Yeo-ri has acquired an 'unwanted' ability to see the dead ever since she survived a high school automobile accident. She not only sees dead people, but these 'dead people' also appear in her life on a regular basis. In particular, the vengeful ghost of her best friend Joo-hee, who died during that automobile incident, follows her everywhere scaring people around her relentlessly. Yeo-ri eventually ends up leading a solitary life, even her family has fled the country and left her behind. She sleeps in a tent in her living room, speaks to a friend sometimes and only through the phone, resigning herself to the idea that her solitary life is best in the grand scheme of things.
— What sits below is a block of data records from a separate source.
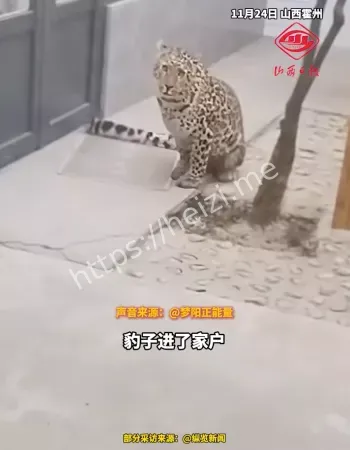 野生豹子深夜造访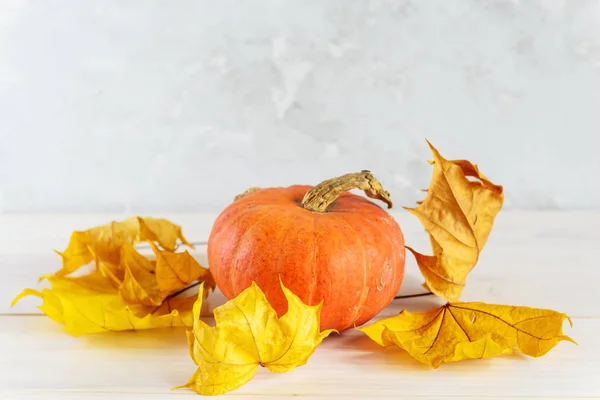 Citrouille Aux Feuilles Jaunes Sur Une Table Bois Blanc — Photo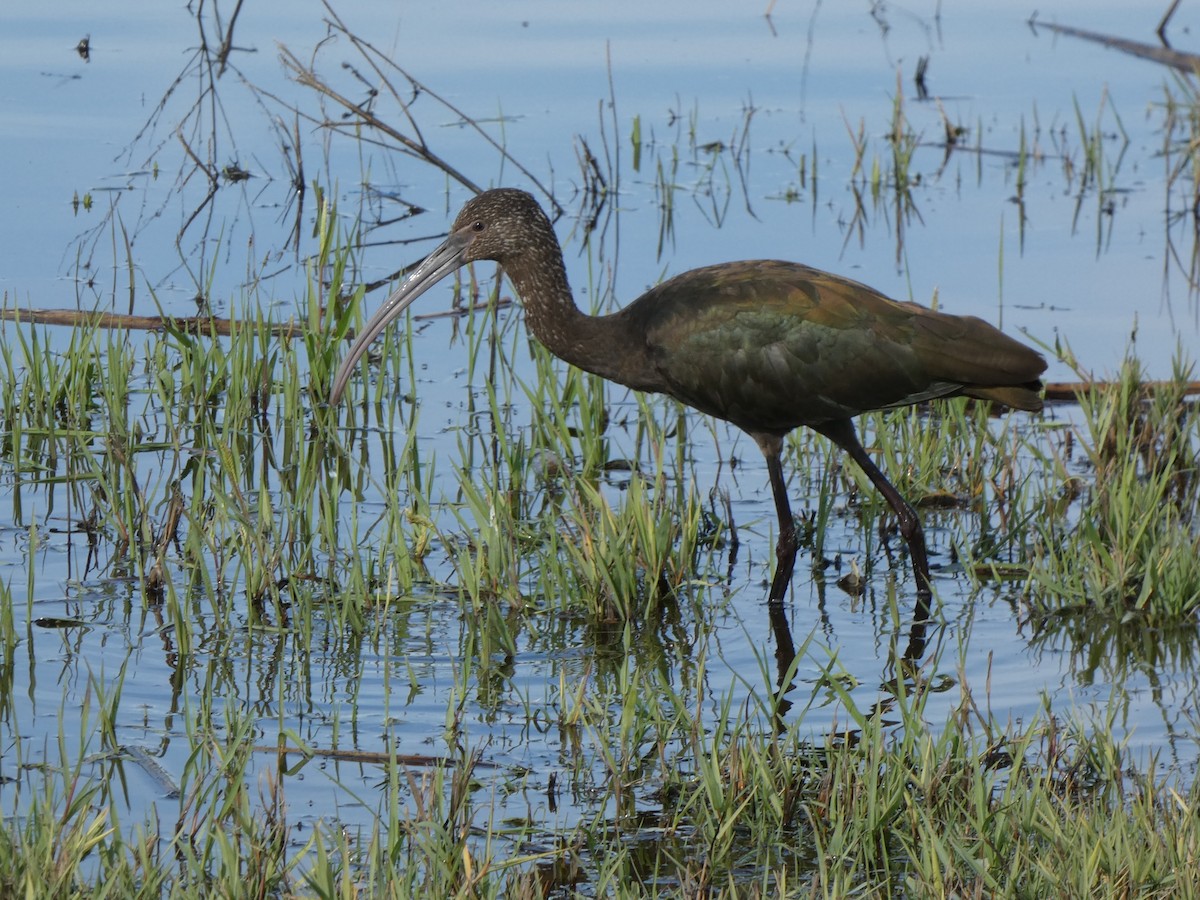 White-faced Ibis - ML645036347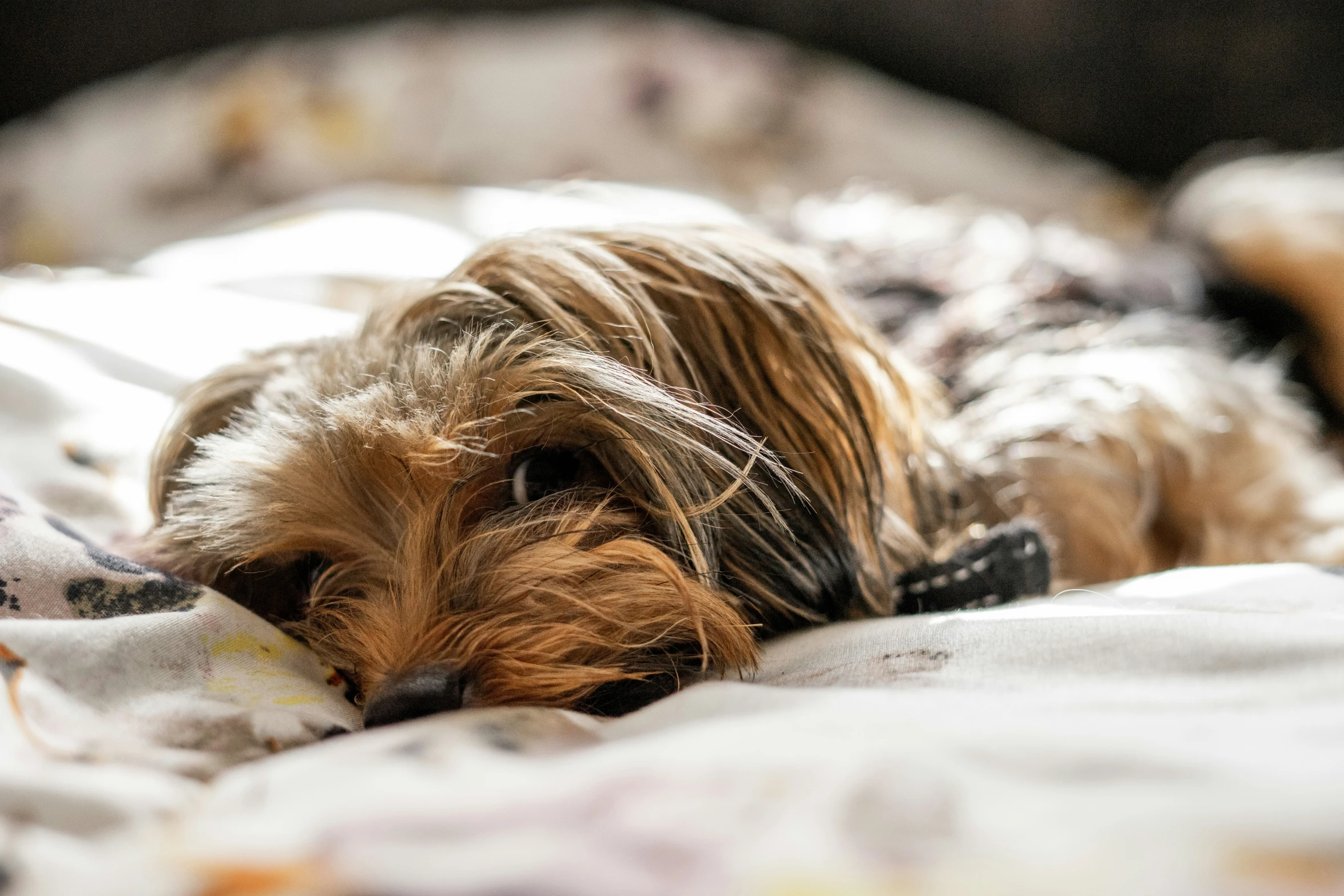 the small brown dog is relaxing on the bed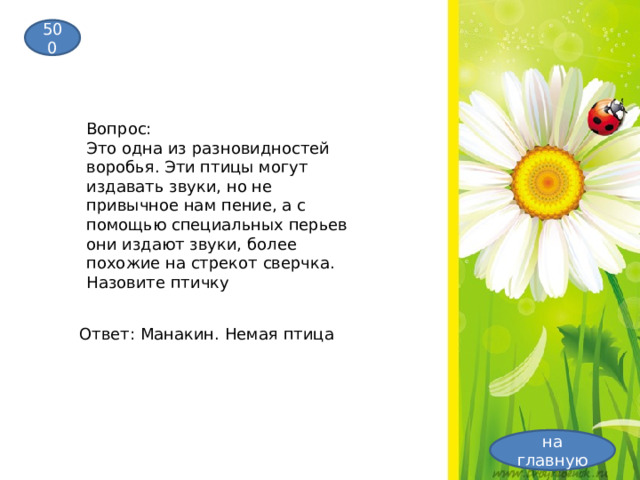 500 Вопрос: Это одна из разновидностей воробья. Эти птицы могут издавать звуки, но не привычное нам пение, а с помощью специальных перьев они издают звуки, более похожие на стрекот сверчка. Назовите птичку Ответ: Манакин. Немая птица на главную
During the course of Jo-goo's failed attempts to find his lonely friend Yeo-ri a boyfriend, the pair start to develop feelings for each other. And though Jo-goo is sometimes scared witless himself, he loves Yeo-ri enough to overcome his fear. Joo-hee, consumed by jealousy, becomes a threat during the show, prompting Yeo-ri to head off to join her family in order to protect Jo-goo from herself and the ghost. Is getting away going to be that easy, or does Joo-hee have more tricks up her sleeves?

==Cast==
- Son Ye-jin - Kang Yeo-ri
- Lee Min-ki - Ma Jo-goo
- Park Chul-min - Pil-dong
- Kim Hyun-sook - Min-jung
- Lee Mi-do - Yoo-jin
- Yoon Ji-min - Sun-woo
- Lee Hyun-jin - Ki-woo
- Hwang Seung-eon - Lee Joo-hee
- Uhm Tae-goo - Magic show producer

==Box office==
The film sold 590,232 tickets during its opening weekend of December 9 to 11, and grossed in its first week of release. It received 1.6 million admissions after two weeks, 1.91 million by December 18, and more than 2.29 million by December 21. In total, the film had 3,009,356 admissions nationwide, with a gross of after six weeks of screening, making it the 7th top-grossing Korean film of 2011, and by far the most successful Korean romantic comedy in recent years.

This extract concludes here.